I’ve heard with my own ears, more times than I care for, stories of obnoxious buyers from big companies that bully their way into better deals with the factory. They will place orders for ginormous quantities, and insist that the factory slash their prices in half to accommodate them. Most factories have little choice in the matter, as if they refuse to do business, hundreds of thousands of workers may lose their jobs.

But something will have to give.

The factory is placed under strict time constraints, so they can’t take longer to finish the order. The price range is non-negotiable and at the end of the day they will still have to pay all of their employees. The quality of the materials is the only thing that can be sacrificed to appease the buyer’s outrageous specifications.

prod_3

The worker uses a calligraphy brush to clean around the hinges.
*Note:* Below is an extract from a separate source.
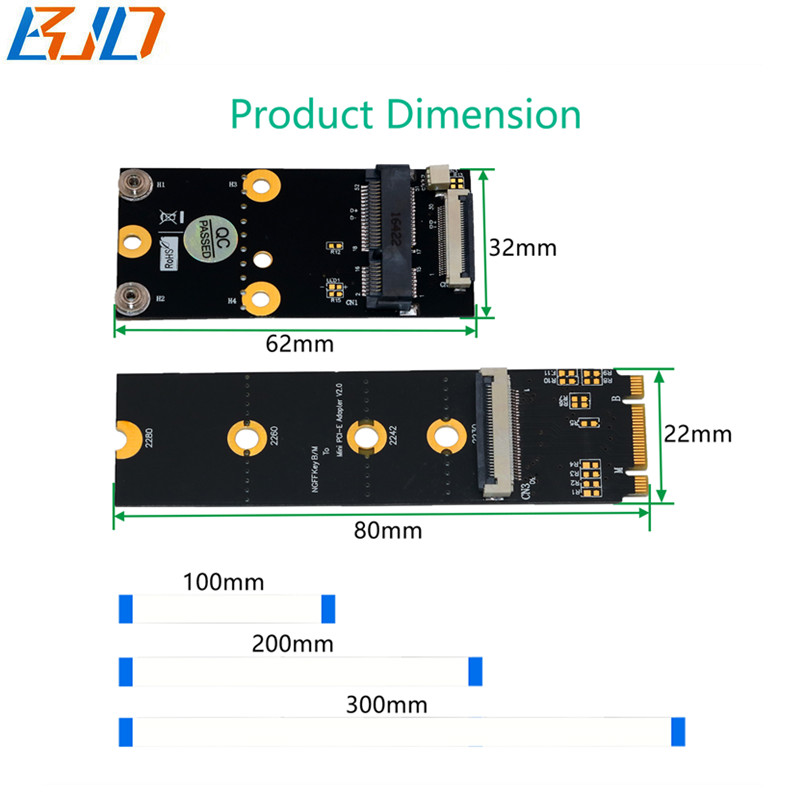 NGFF M.2 Key B+M Key-M Interface to Mini PCI-E MPCIe Slot Wireless Adapter Card + 30CM FPC Cable For Wifi BT Module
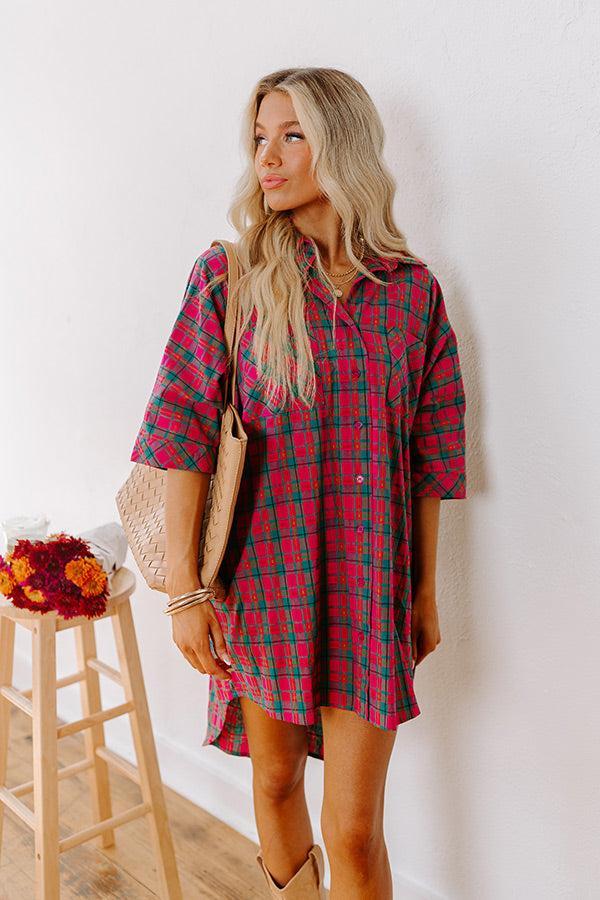 Cider Sippin' Oversized Plaid Mini Dress in Pink Product Image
Lower quality products do not concern the buyers. The only thing they care about is maintaining their profit margins, and returning back to the boardroom with a beautiful spreadsheet detailing the amazing deal they just secured. So long as they can supply blockbuster stores in the first world countries with cheap goods to feed the insatiable appetites of the typical consumer, they will do whatever it takes to make it happen.

Then my question is, who is to blame? The factories? The buyers?

Or is it the consumers that only want cheap products?

The same people who are wary of Chinese-made products often forget that the iPhone in their hands was also made in China. So are their solar panels, the $3000 flat screen TV, the satellites, and their beautiful buttery leather jackets.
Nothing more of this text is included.